Iona guard Steve Burtt excels at his game to counteract his sadness

Iona guard Steve Burtt emerged from the locker room at St. Peter's College in Jersey City last Saturday wearing the set-in-granite expression that teammates sometimes try to crumble with the nickname "Monsterhead." Indeed, having just scored a season-low 13 points in a 57-55 upset loss to the Peacocks, which cost Iona the top seed in this week's Metro Atlantic Athletic Conference playoffs, the internally combustible Burtt was hot enough to go one-on-one with Godzilla. But he resisted an urge to bang the wall of the corridor with a forearm. Instead, he grazed it with a slow-motion jab and softly told Gael head coach Pat Kennedy: "I'm O.K. I'm all right."

It's a pronouncement Burtt himself is just now beginning to believe. At 6'2", 185 pounds, he possesses the strength, quickness and toughness to sustain a long career in the NBA after graduating in June. He surpassed Jeff Ruland as Iona's alltime leading scorer early this season and is averaging 23.9 points per game for the 20-7 Gaels; for his career he has scored 2,433 points. He's also a criminal-justice major with a B average who would just as soon go to law school as play pro ball. But the fire that drives the 21-year-old Burtt is fueled by pain, and he isn't sure whether his gains will ever outweigh his very substantial losses.

"It's getting better, but there's always going to be sadness in my life," Burtt says. "I have to keep my mind off certain things and keep moving. I haven't had many happy moments. The happiest have been with the team, at Iona."

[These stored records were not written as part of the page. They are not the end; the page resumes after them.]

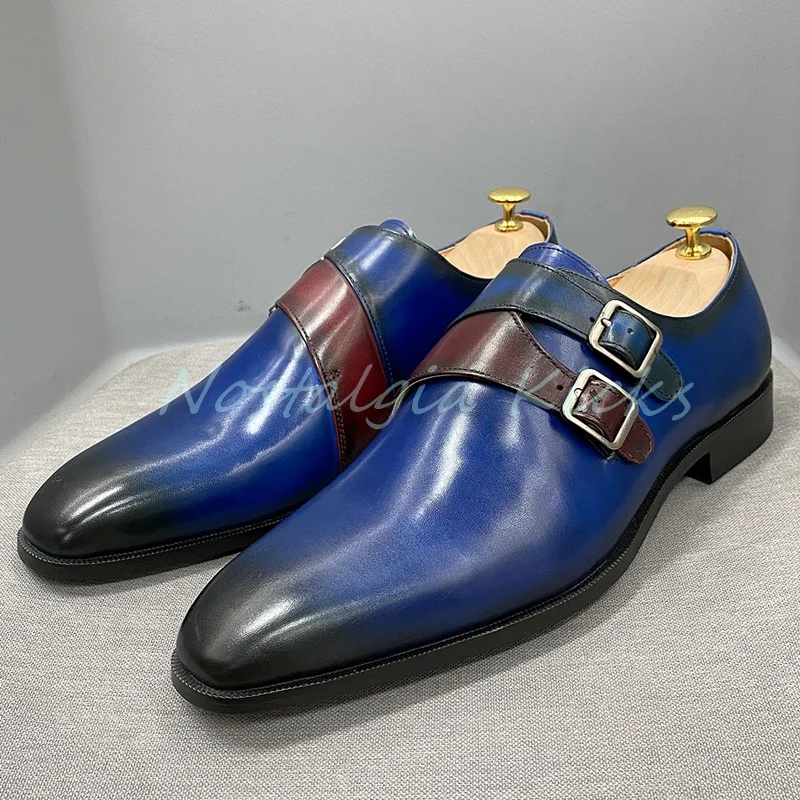 Luxury Blue Patent Leather Double Buckle Oxford Shoes Men's Monk Pointed Toe Dress Shoes Vintage Wear-Resistant Office Shoes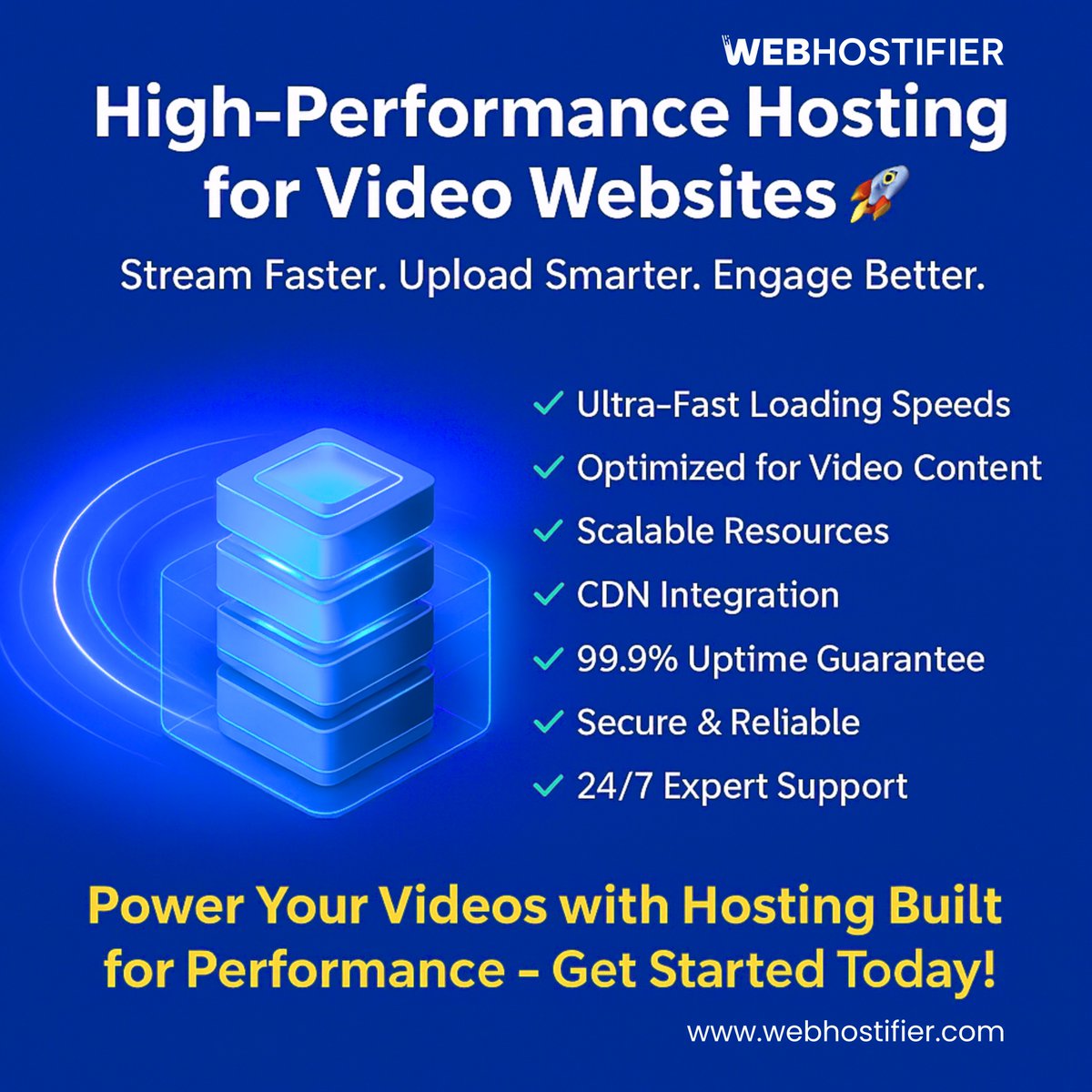 webhostifier's tweet image. Hosting built for video websites!

✅ Ultra-fast speeds
✅ CDN integration
✅ 99.9% uptime
✅ 24/7 expert support

Stream smarter, engage better with #WebHostifier 🎥
👉 webhostifier.com

#WebHosting #VideoHosting #ContentCreators #StreamingWebsite #CDNHosting #FastHosting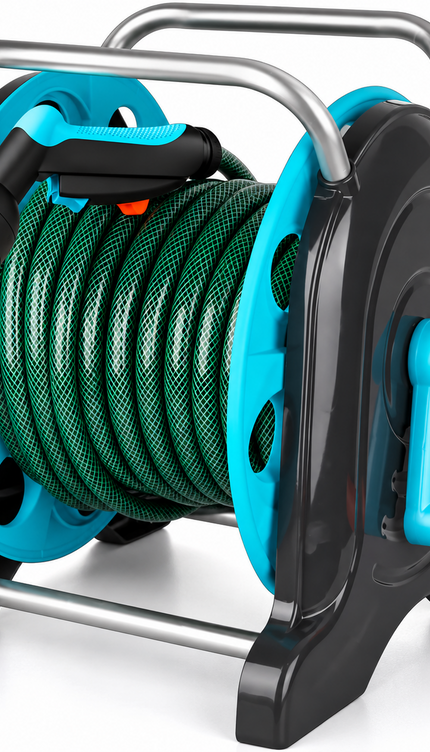 Garden Hose Reel Cart with 1/2in 20M Hose Portable Trolley Spray Nozzle Outdoor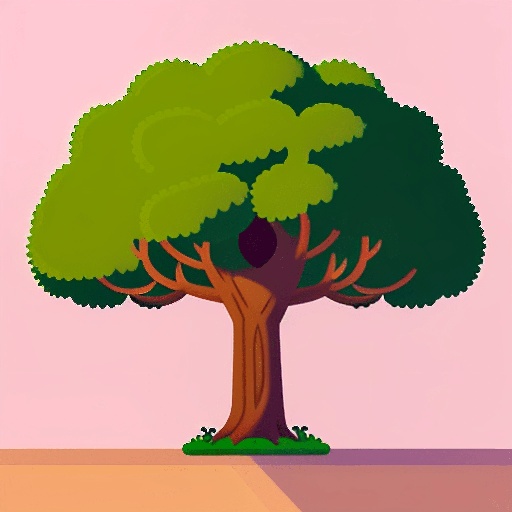 a cartoon tree with a heart in the middle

Like several of his teammates at Iona, which is in New Rochelle, N.Y., about 25 minutes northeast of Manhattan, Burtt grew up in Harlem. But even measured against the standards of that community, his youth was tragic. When he was 11, Burtt's parents died within months of each other. Charlie Burtt, a factory worker, suffered a stroke on Father's Day, 1974 and died several weeks later. Annie Burtt was so wounded by the death of her husband that she stopped eating and died five months later from complications brought on by malnutrition. "My mother was hurt so deeply that she couldn't forget," says Steve. "I understand. I have some of that in me."

Burtt's grandmother, Carrie Goshae, took over the rearing of Steve and his older brother Kevin. A year ago Burtt suffered another jolt when Gilbert Earl, a local Police Athletic League basketball coach who had become a father figure to him, was shot and killed while being robbed on a Manhattan street.

"I turned to basketball as a release," says Burtt. "I just decided I wanted to be good." He was all-state his senior year at Charles Evans Hughes High and, because he wanted to stay close to home, accepted a scholarship to Iona.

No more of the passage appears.